On 3k table it executes for ~6 seconds so assuming linear сomplexity it will take ~50 hours to be applied on 100m table. Is there a way to speed it up? Or maybe my procedure is incorrect at all?


Solution

  • Just do:

    set @datarange = 7;
    update `events`
    set starttime = NOW() - INTERVAL FLOOR(RAND()) * @datarange DAY;
    

    Databases are not good at fetching and processing single rows in a lopp, like we are used to do in procedural languages (iterators, for each loops, arrays etc), they are best at, and optimized for processing SQL, which is essetially a declarative language - you declare what you want to get without specyfying how to do it, in contrast to procedural languages, which are used to specify the steps the program must do.

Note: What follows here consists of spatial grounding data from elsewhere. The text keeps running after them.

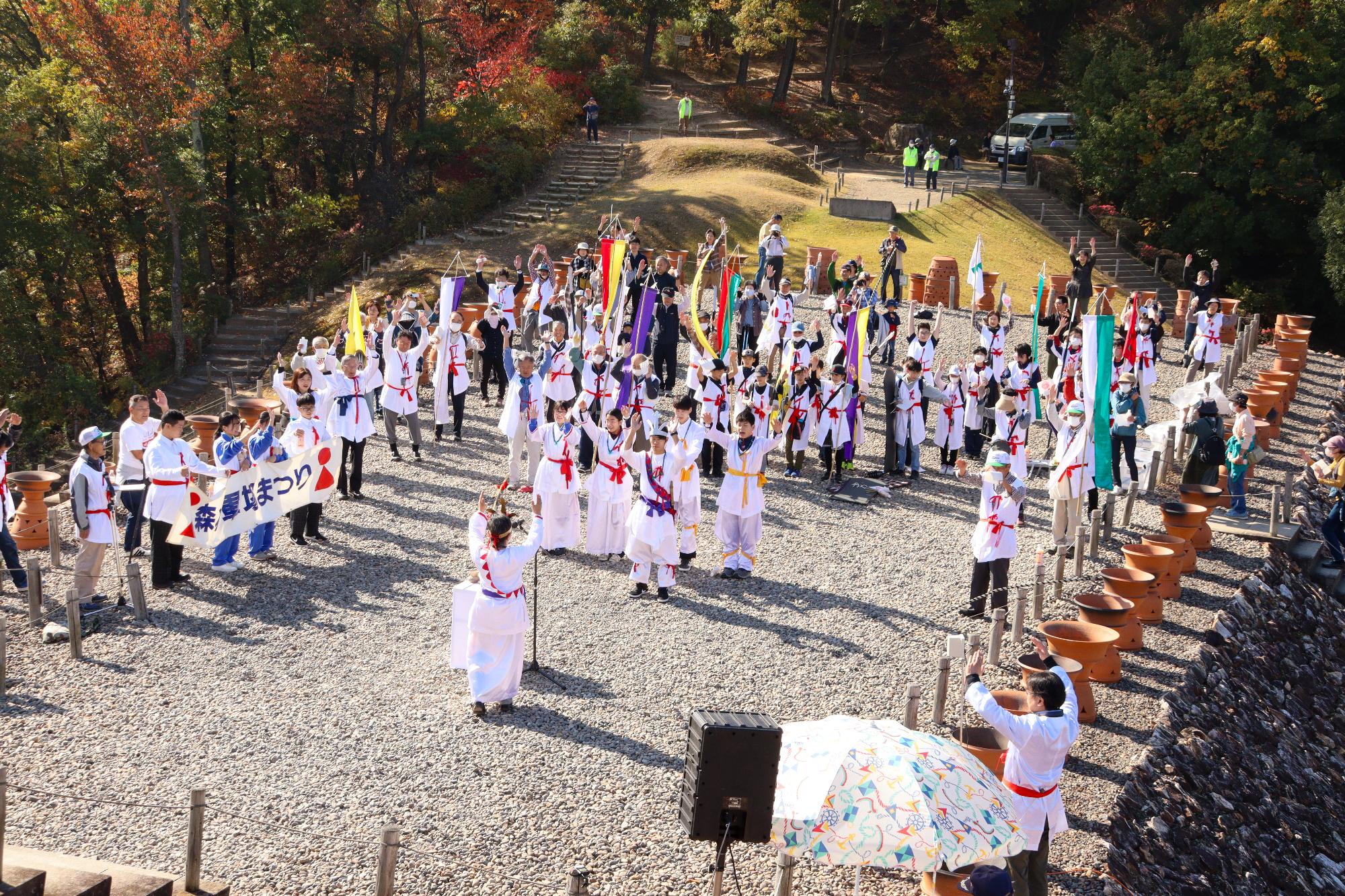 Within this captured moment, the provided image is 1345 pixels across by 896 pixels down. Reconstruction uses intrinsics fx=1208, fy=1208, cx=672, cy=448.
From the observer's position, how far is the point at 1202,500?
1560 cm

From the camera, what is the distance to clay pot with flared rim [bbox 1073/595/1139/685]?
11.4 m

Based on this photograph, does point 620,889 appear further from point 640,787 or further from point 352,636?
point 352,636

    Remember - row by row = slow by slow.

    Look at simple example that simulates your table and compares your procedure to UPDATE:

    drop table `events`;
    create table `events` as 
    select * from information_schema.tables
    where 1=0; 
    
    alter table `events` add column event_id int primary key auto_increment first;
    
    alter table `events` change column create_time starttime timestamp;
    
    insert into `events`
    select null, t.*
    from information_schema.tables t
    cross join (
      select 1 from information_schema.tables
      limit 100
    ) xx
    
    mysql> select count(*) from `events`;
    +----------+
    | count(*) |
    +----------+
    |    17200 |
    +----------+
    

    We created a table with 17 thousand rows. Now we call the procedure:

    mysql> call `randomizedates`(7);
    Query OK, 0 rows affected (34.26 sec)
    

    and the update command:

    mysql>     set @datarange = 7;
    Query OK, 0 rows affected (0.00 sec)
    
    mysql>     update `events`
        ->     set starttime = NOW() - INTERVAL FLOOR(RAND()) * @datarange DAY;
    Query OK, 17200 rows affected (0.23 sec)
    Rows matched: 17200  Changed: 17200  Warnings: 0
    

    As you see - 34 seconds / 0.23 second = 14782 % faster - it's a huge difference !!!